Ertinib

Anticoagulants: Interaction with coumarin-derived anticoagulants, including warfarin, leading to increased International Normalized Ratio (INR) and bleeding adverse reactions.

CYP3A4 inhibitors: Erlotinib is metabolized predominantly by CYP3A4. Co-treatment with the potent CYP3A4 inhibitor ketoconazole increased Erlotinib AUC by 67%. When Erlotinib was co-administered with Ciprofloxacin, an inhibitor of both CYP3A4 and CYP1A2, the Erlotinib exposure [AUC] and maximum concentration [Cmax] increased by 39% and 17%, respectively.

CYP3A4 inducers: Pre-treatment with the CYP3A4 inducer Rifampicin for 7-11 days prior to Erlotinib decreased Erlotinib AUC by 58% to 80%. Dose modifications are recommended.

Drugs affecting gastric pH: Co-administration of Erlotinib with omeprazole decreased Erlotinib AUC by 46% and co-administration of Erlotinib with Ranitidine 300 mg decreased Erlotinib AUC by 33%.

The most common adverse reactions (20%) with Erlotinib from a pooled analysis of studies were rash, diarrhea, anorexia, fatigue, dyspnea, cough, nausea, and vomiting. The following serious adverse reactions, which may include fatalities.

• Interstitial Lung Disease (ILD)
• Renal Failure
• Hepatotoxicity with or without Hepatic Impairment
• Gastrointestinal Perforation
• Bullous and Exfoliative Skin Disorders
• Myocardial Infarction/Ischemia
• Cerebrovascular Accident
• Microangiopathic Hemolytic Anemia with Thrombocytopenia
• Ocular Disorders
• Hemorrhage in Patients Taking Warfarin

Pregnancy category D. Based on its mechanism of action, Erlotinib can cause fetal harm when administered to a pregnant woman. It is not known whether Erlotinib is present in human milk. Because many drugs are present in human milk and because of the potential for serious adverse reactions in nursing infants from Erlotinib, a decision should be made whether to discontinue nursing or discontinue the drug, taking into account the importance of the drug to the mother.

• Interstitial Lung Disease (ILD): Occurs in 1.1% of patients. Withhold Erlotinib for acute onset of new or progressive unexplained pulmonary symptoms, such as dyspnea, cough and fever. Discontinue Erlotinib if ILD is diagnosed.
• Renal Failure: Monitor renal function and electrolytes, particularly in patients at risk of dehydration. Withhold Erlotinib for severe renal toxicity.
• Hepatotoxicity with or without hepatic impairment including hepatic failure and hepatorenal syndrome: Monitor periodic liver testing. Withhold or discontinue Erlotinib for severe or worsening liver tests.
• Gastrointestinal perforations-discontinue Erlotinib.
• Bullous and exfoliative skin disorders-discontinue Erlotinib.
• Myocardial infarction (Ml)/ischemia: The risk of Ml is increased in patients with pancreatic cancer.

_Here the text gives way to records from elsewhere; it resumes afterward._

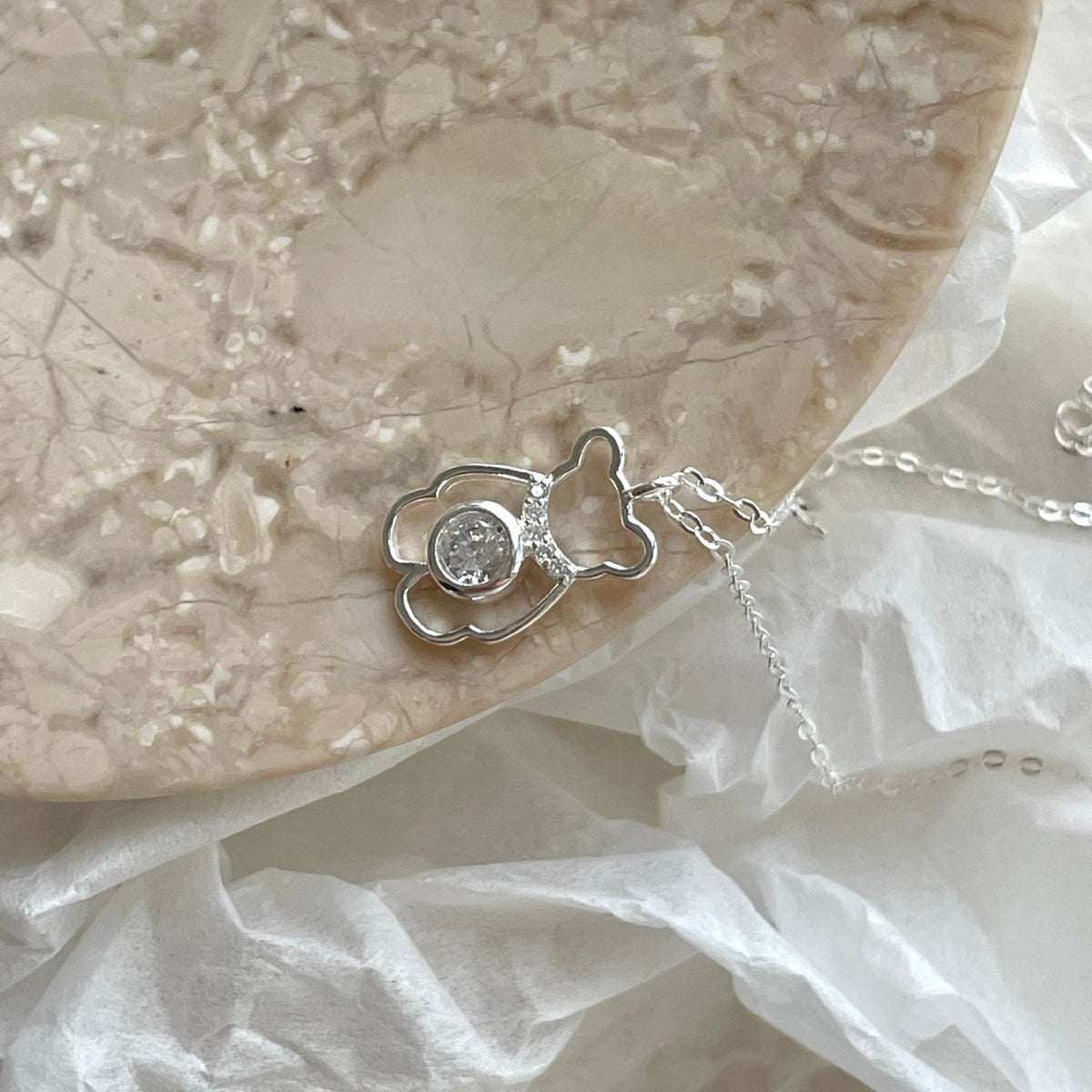 F廠-韓國韓版925純銀小熊鋯石項鍊簡約氣質ins網紅小紅書項鍊「B1370」25.08-3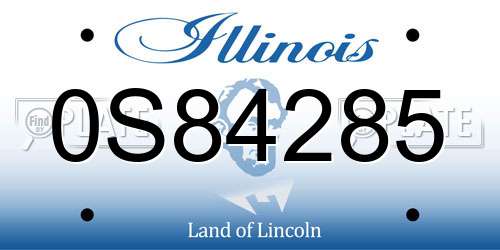 0S84285 Illinois License Plate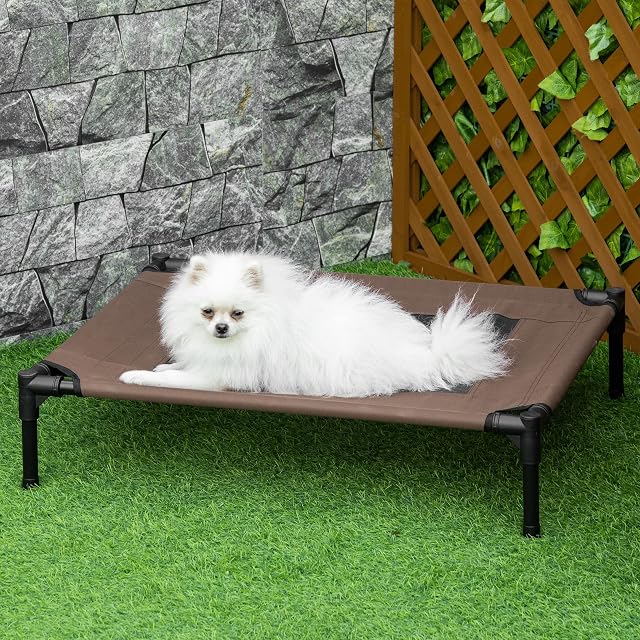 Foto 2 de 8 de PawHut Cama Elevada para Perros Gatos con Tela Oxford 76x61x18 cm Marrón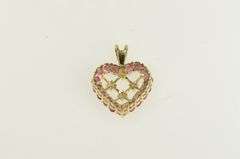 10K Yellow Gold Natural Ruby Diamond Heart Lattice Love Charm/Pendant
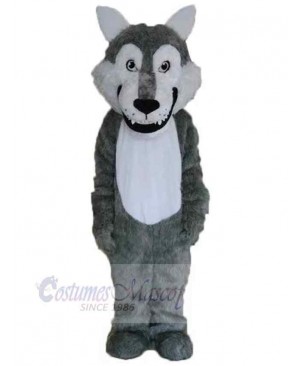 Cute Gray Wolf Long Wool Mascot Costume Animal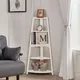 Living And Home Modern 5 Tier Wooden Ladder Corner Shelf Rack Shelf Bookcase Home Display Shelving Unit 116Cm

Pediatric use: The safety and effectiveness of Erlotinib in pediatric patients have not been established.

Geriatric use: No overall differences in safety or efficacy were observed between subjects 65 years and older and those younger than 65.

Targeted Cancer Therapy

Single oral doses of Erlotinib up to 1,000 mg in healthy subjects and weekly doses up to 1,600 mg in cancer patients have been tolerated. Repeated twice-daily doses of 200 mg single-agent Erlotinib in healthy subjects were poorly tolerated after only a few days of dosing. Based on the data from these studies, an unacceptable incidence of severe adverse reactions, such as diarrhea, rash, and liver transaminase elevation, may occur above the recommended dose. In case of suspected overdose, Erlotinib should be withheld and symptomatic treatment instituted.

Store at a temperature not exceeding 30°C in a dry place. Protect from light and moisture.